To learn more about the dataset, please visit the official announcement: https://blog.gdeltproject.org/announcing-the-new-web-news-ngrams-3-0-dataset/
Input files look like: http://data.gdeltproject.org/gdeltv3/webngrams/20250316000100.webngrams.json.gz
Reconstruction quality depends on the n-gram fragments available in the dataset.
Step 1: Download Web NGrams files
from gdeltnews.download import download
download(
"2025-11-25T10:00:00",
"2025-11-25T13:59:00",
outdir="gdeltdata",
decompress=False,
)
Step 2: Reconstruct articles (run as a script, not in Jupyter)
Multiprocessing can be problematic inside notebooks.

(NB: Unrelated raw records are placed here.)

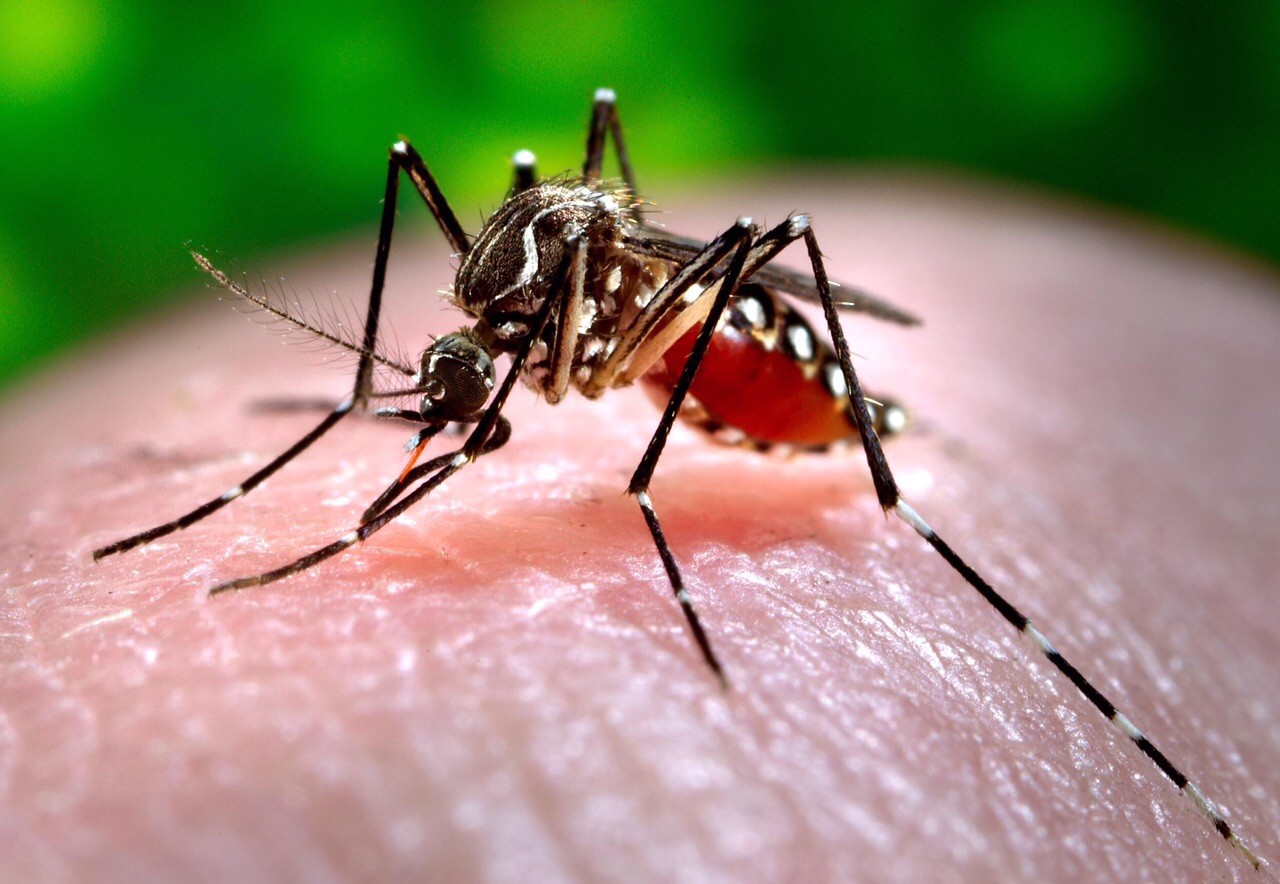 Chikunguña  ha matado 8 Tolimenses Se prenden alarmas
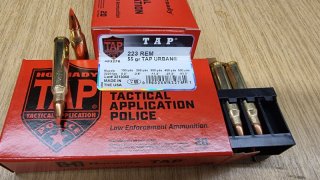 .223/55grs TAP Urban V-Max Hornady No.83276 20 stk. Angebot # SSZ Berka
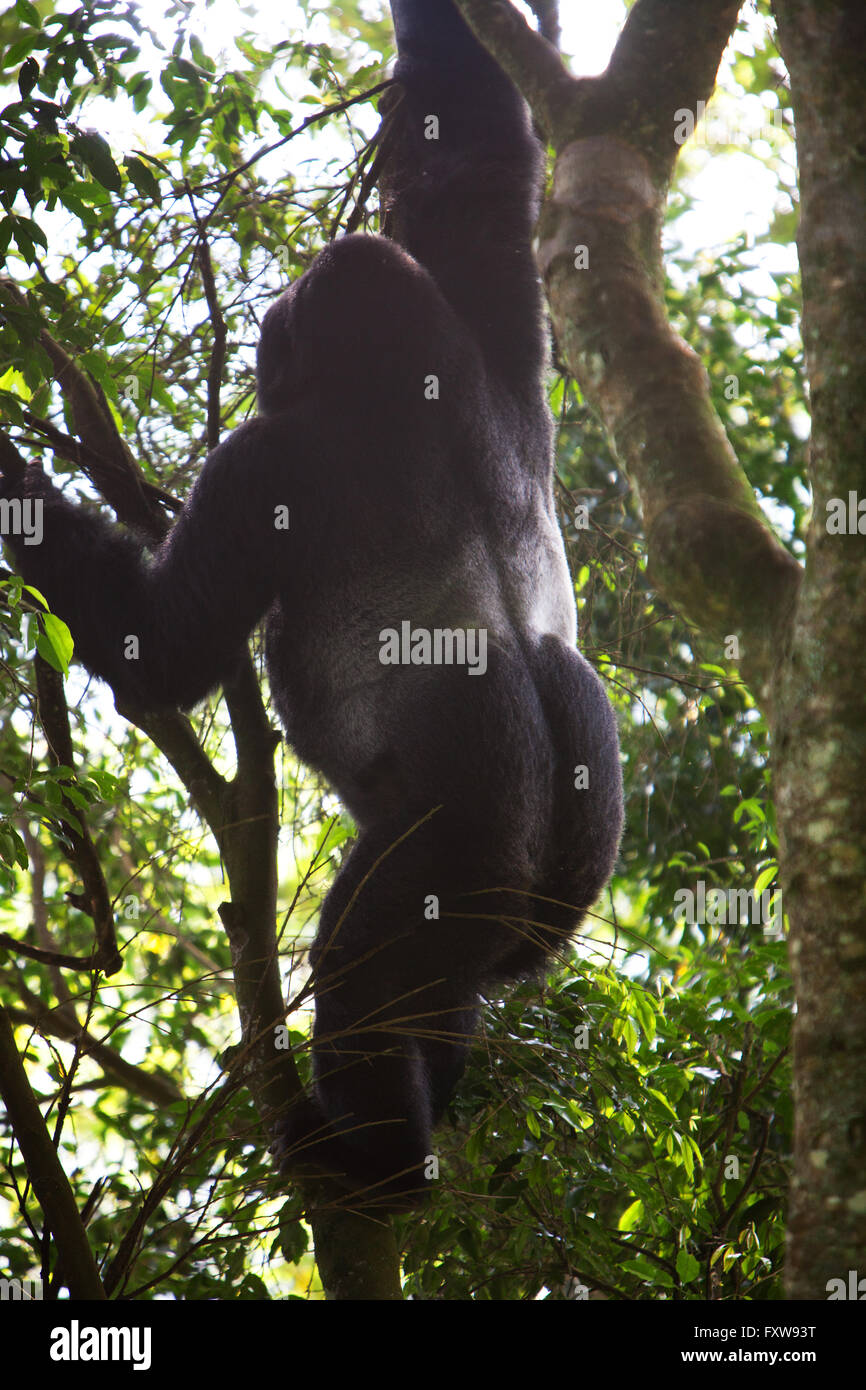 Foto von Jamie Callister ©. Gorillas aus der Bitukura Gruppe, Bwindi undurchdringlichen Wald, Uganda, Zentralafrika Stockfoto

Run this from a .py script.
from multiprocessing import freeze_support
from gdeltnews.reconstruct import reconstruct
def main():
reconstruct(
input_dir="gdeltdata",
output_dir="gdeltpreprocessed",
language="it",
url_filters=["repubblica.it", "corriere.it"],
processes=10, # use None for all available cores
)
if __name__ == "__main__":
freeze_support() # important on Windows
main()
Step 3: Filter, deduplicate, and merge CSVs
from gdeltnews.filtermerge import filtermerge
filtermerge(
input_dir="gdeltpreprocessed",
output_file="final_filtered_dedup.csv",
query='((elezioni OR voto) AND (regionali OR campania)) OR ((fico OR cirielli) AND NOT veneto)'
)
Advanced users can pre-filter and download GDELT data via Google BigQuery, then process it directly with wordmatch.py.